RE: [css3-2d-transforms][css3-images] <position> grammar is duplicated or points to the wrong spec

The introduction of computed-value-of-calc into the discussion (by me, I think) branched off into a deeper discussion of that entanglement.  That's not a bad thing, but I want to try to clarify another point I didn't explain earlier.
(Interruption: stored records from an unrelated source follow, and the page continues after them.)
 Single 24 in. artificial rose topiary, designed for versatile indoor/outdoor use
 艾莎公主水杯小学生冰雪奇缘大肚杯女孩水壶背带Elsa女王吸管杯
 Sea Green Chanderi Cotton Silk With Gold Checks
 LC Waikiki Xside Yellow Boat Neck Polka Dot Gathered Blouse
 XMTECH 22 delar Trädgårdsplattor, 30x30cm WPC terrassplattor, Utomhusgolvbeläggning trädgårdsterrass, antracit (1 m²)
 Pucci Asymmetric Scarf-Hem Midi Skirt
L. David Baron <dbaron@dbaron.org>:
> What's not obtainable using calc()?  Gecko's implementation of
> calc(10% + 5px) for background-position positions the 10% point of
> the image 5px to the left of the 10% point in the container.

div {
 background-image: url(Some200by400image.png);
 width: 500;
 height: 1000;
 background-repeat: no-repeat;
}

Example A:
background-position: 10% 10%;

Example B:
background-position: 5px 5px;

Example C:
background-position: calc(10% + 5px) calc(10% + 5px);

Example D:
background-position: horizontal(10% + 5px) vertical(10% + 5px);


A. "the point 10% across and 10% down [of] the image is to be placed at the point 10% across and 10% down in the area"
1. (20, 40) in the image should be placed at (50, 100) of the div's box
2. (0, 0) in the image should be placed at (30, 60) of the div's box

B. "Positive values represent an offset inward from the edge of the background positioning area."
1. (0, 0) in the image should be placed at (5, 5) of the div's box

C. I think David is saying this should be rendered the same as case D if that could be expressed directly.  Please correct me if I'm misunderstanding.
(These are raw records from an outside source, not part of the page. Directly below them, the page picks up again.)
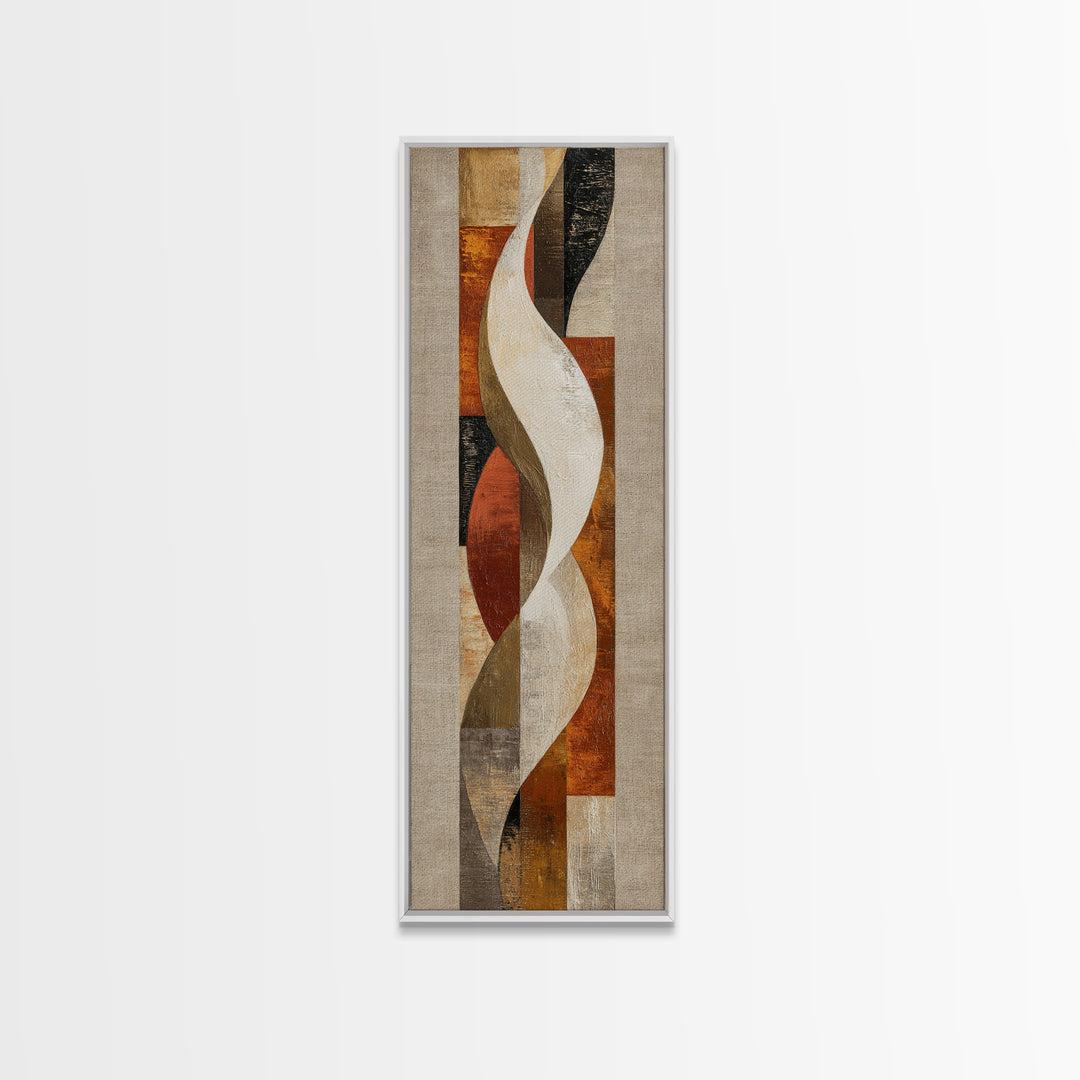 Warm Taupe Abstract Waves Framed Canvas Print, Above Bed Art, Minimalist Decor, Bedroom Decor, Abstract Art, Serenity, ABA-1x3-3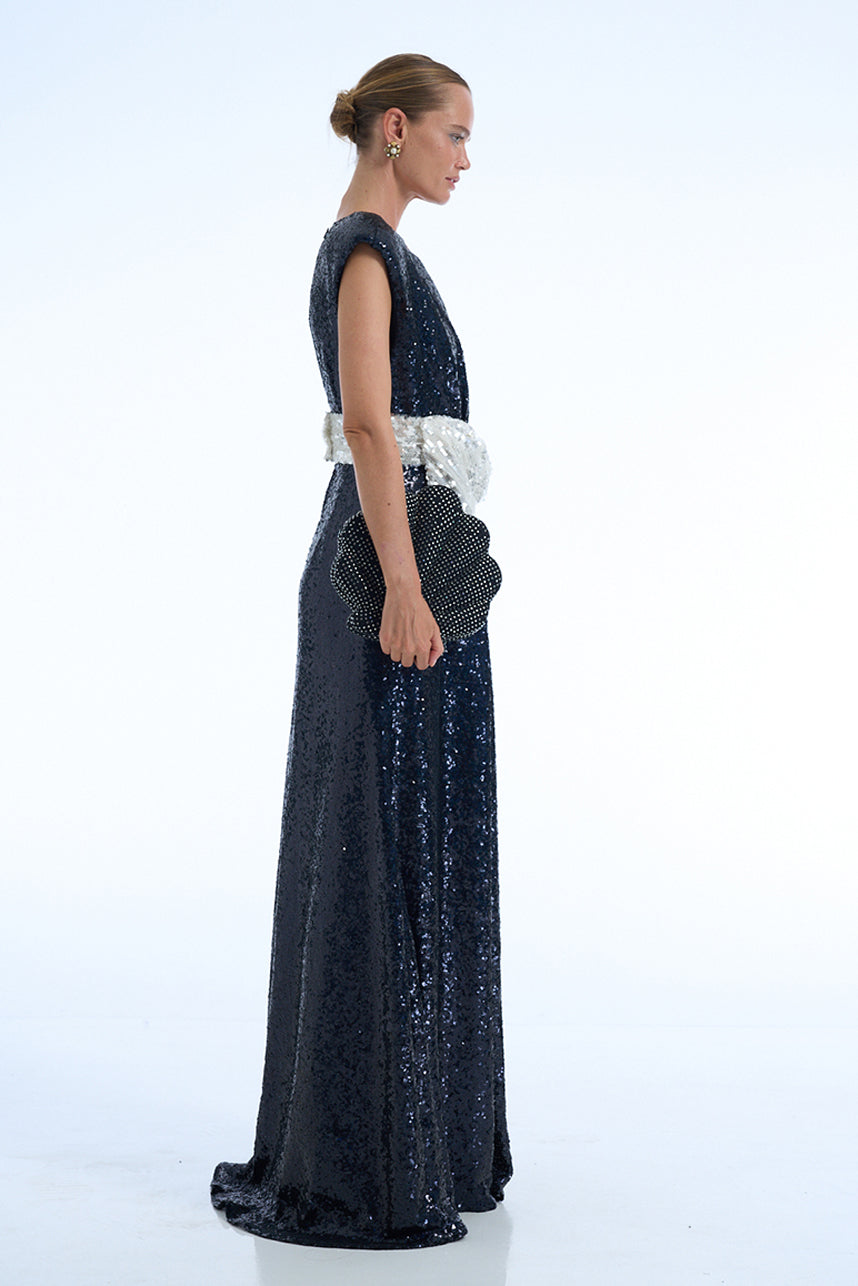 INDIGO SEQUIN DRESS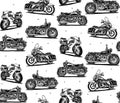 Retro motorcycles seamless pattern Royalty Free Stock Photo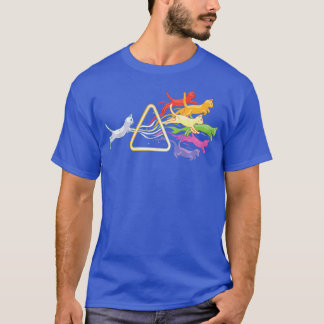 Cat Prism Rainbow Light Funny Physical Science T-Shirt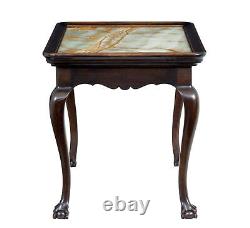 Table en chêne du 19e siècle avec dessus en onyx influencé par Chippendale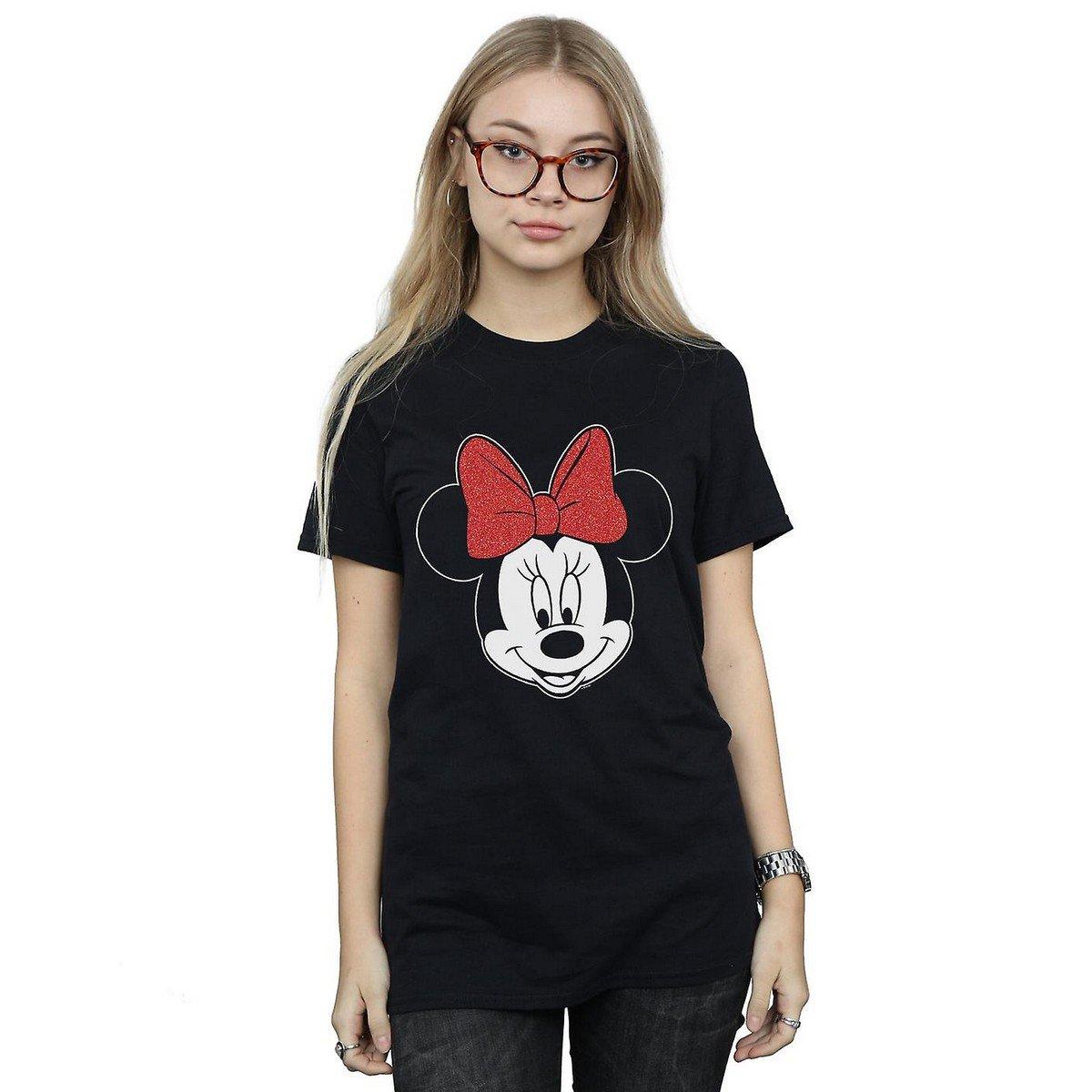 Disney Minnie Mouse Kopf Boyfriend Fit T-Shirt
D. I think David is suggesting that we apply A1, A2, and then offset it by 5px.  Why is that the "right" answer?  Further, that represents a new kind of positioning treatment that is not directly supported without calc.  Is this intended that calc adds new positioning / rendering requirements to other features?  This was/is news to me and why I called it bizarre.  My understanding was that calc adds to CSS a way to provide algorithmic means to fill a length/angle/etc. field rather than expressing it directly -- NOT a way of adding new positioning/layout algorithms to properties.


If my assessment of D is correct, then I think the evolution of calc() as proposed is extremely confusing and detrimental for CSS as a whole.  The complexity of such an endeavor from an engineering perspective would be at least as expensive as introducing a new document mode.